Designing a Myelinated Neuron

  • Here again is the simulation of a myelinated neuron:
  • Question 6. In the previous session, we looked at the role of myelination, but we did not determine whether or not the actual length of the myelinated section (the internode) was optimal for increasing the conduction velocity. Design an optimal internode length. If you are more ambitious, see if you can determine a general principle for what this length should be as the diameter of the axon changes.
    • Run the simulation with the default Axon diameter (2 \mu m) and Internodal distance (6000 \mu m). Find the time of the peak of the action potential in the first node (i.e., the one prior to the internode), and the peak of the action potential in the second node (i.e., the one after the internode). Use the zoom feature (click and drag) to get accurate measurements.

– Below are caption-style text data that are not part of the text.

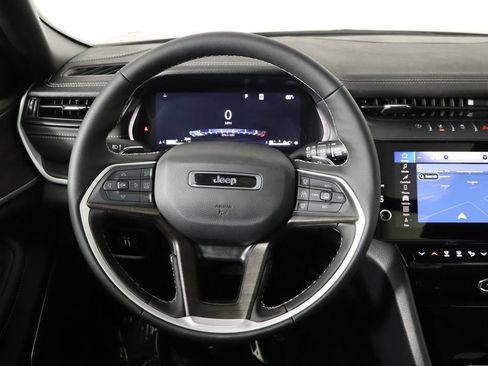New 2026 Jeep Grand Cherokee L Limited AWD/4WD image 7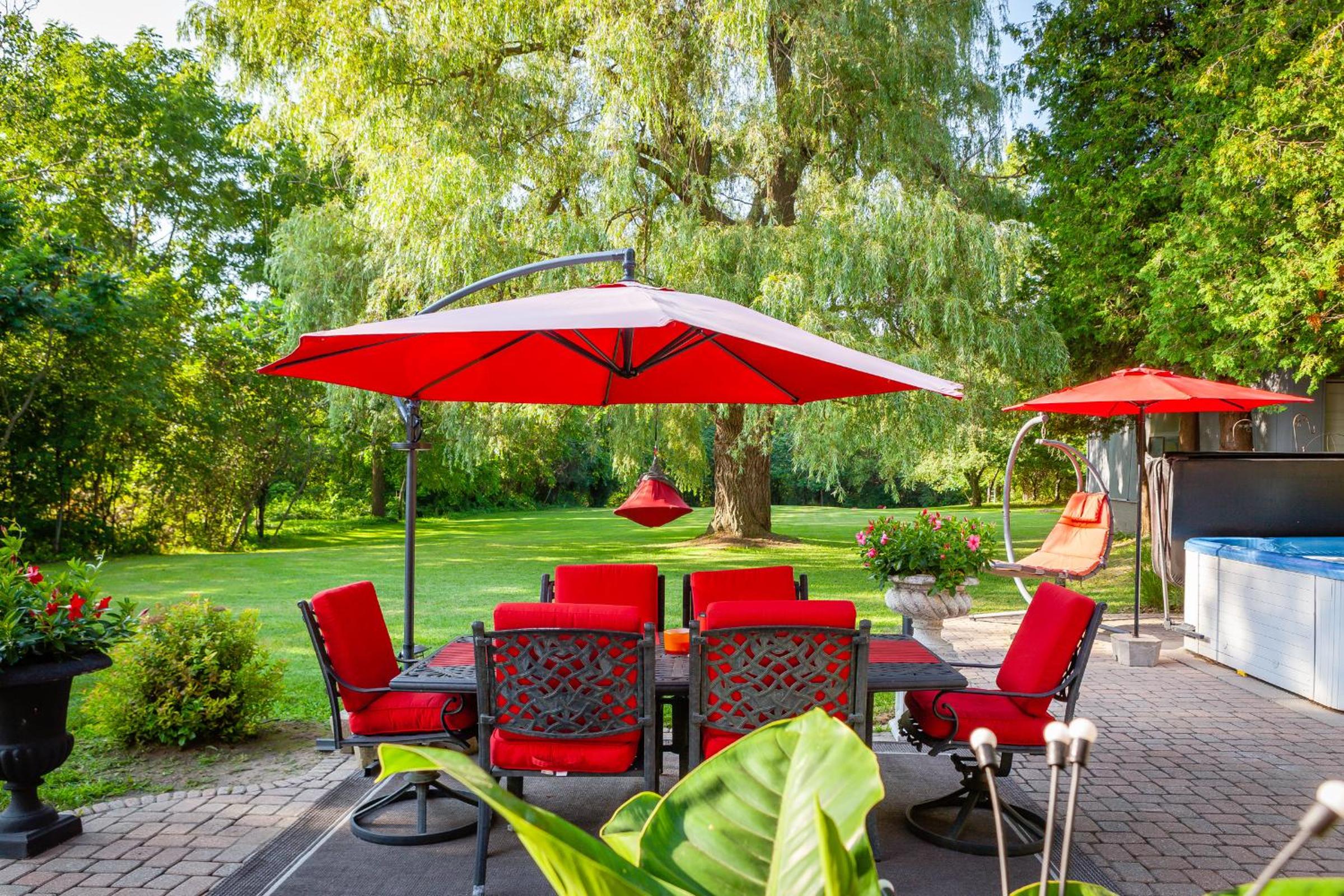 Deluxe Queen Room - Photo 5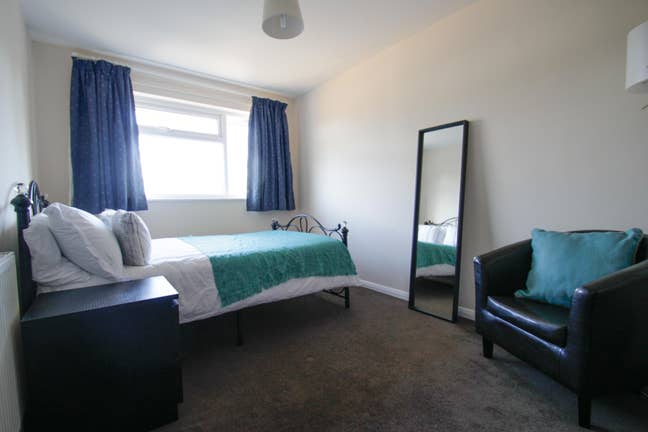 Spacious Room Available Near High Brooms Station  Main Photo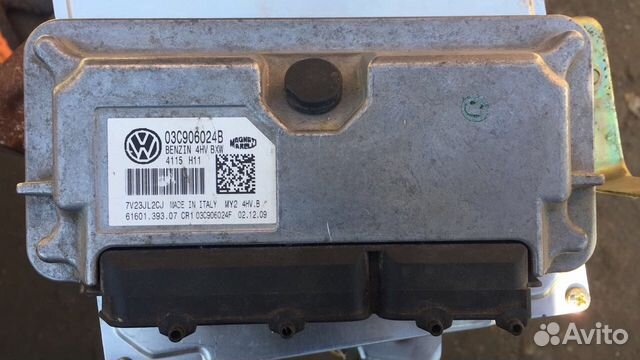 Блок управления двигателем Skoda Fabia 03C906024B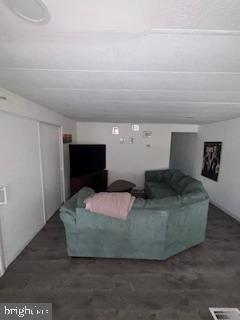 MARINERS COVE - Residential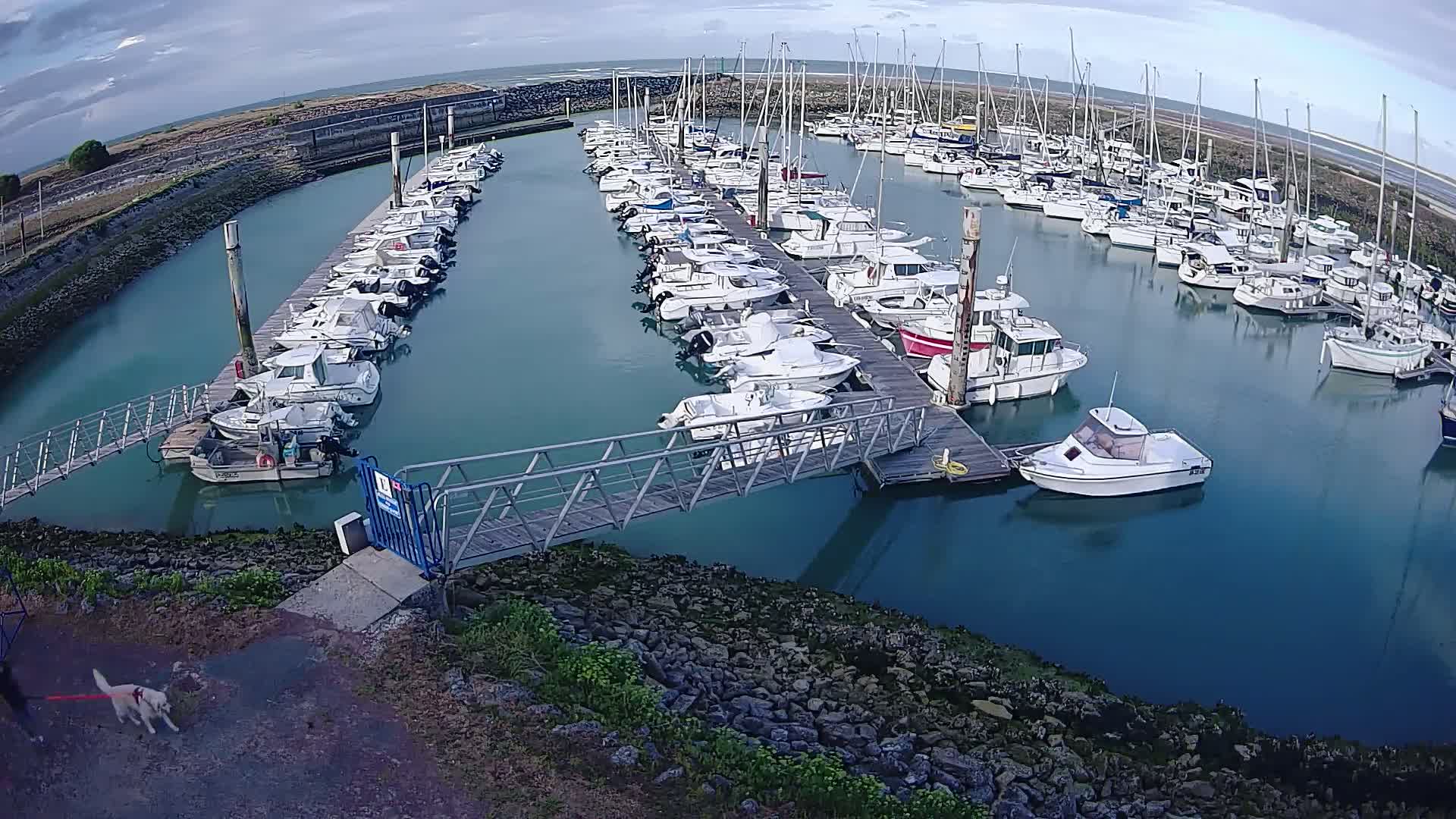 Oleron - Le Douhet Marine Live Cam - Rochefort, Charente-Maritime, Nouvelle-Aquitaine, France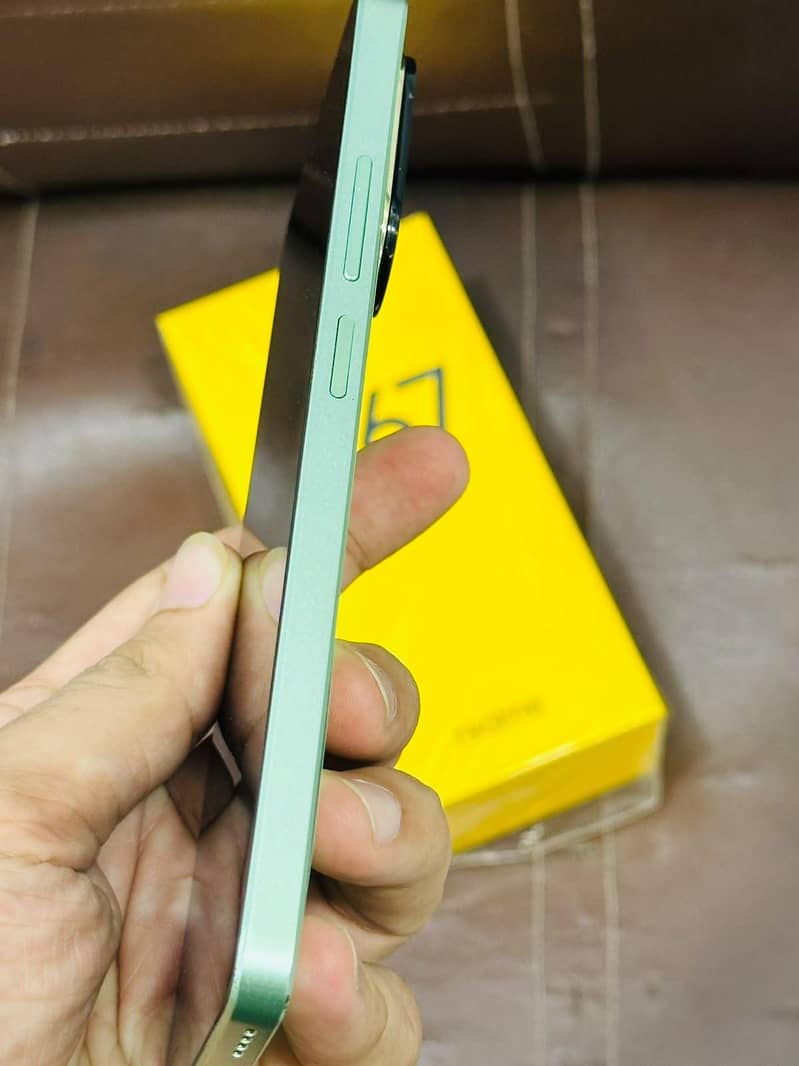 Realme C67 3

    • Compute the conduction velocity as you did before for this simulation. Make sure that you report the results in meters per second (this will require some conversion factors). Note that since the electrodes are placed at the beginning of the first node and the end of the second node, you need to add 200 \mu m to the total length, so that the total travel distance for the propagating action potential is 6200 \mu m.
    • Now systematically shorten the internode length, computing the conduction velocity, and then systematically increase its length, computing the conduction velocity. What Internodal distance maximizes the conduction velocity? Make sure to plot your data.
    • Change the Axon diameters of both the two nodes and the internode to 1 \mu m, and repeat your analysis. Repeat your analysis again using diameters of 0.5 \mu m. Make sure to plot your data and superimpose your plots.
    • Is there a general pattern? Please describe it as clearly as you can.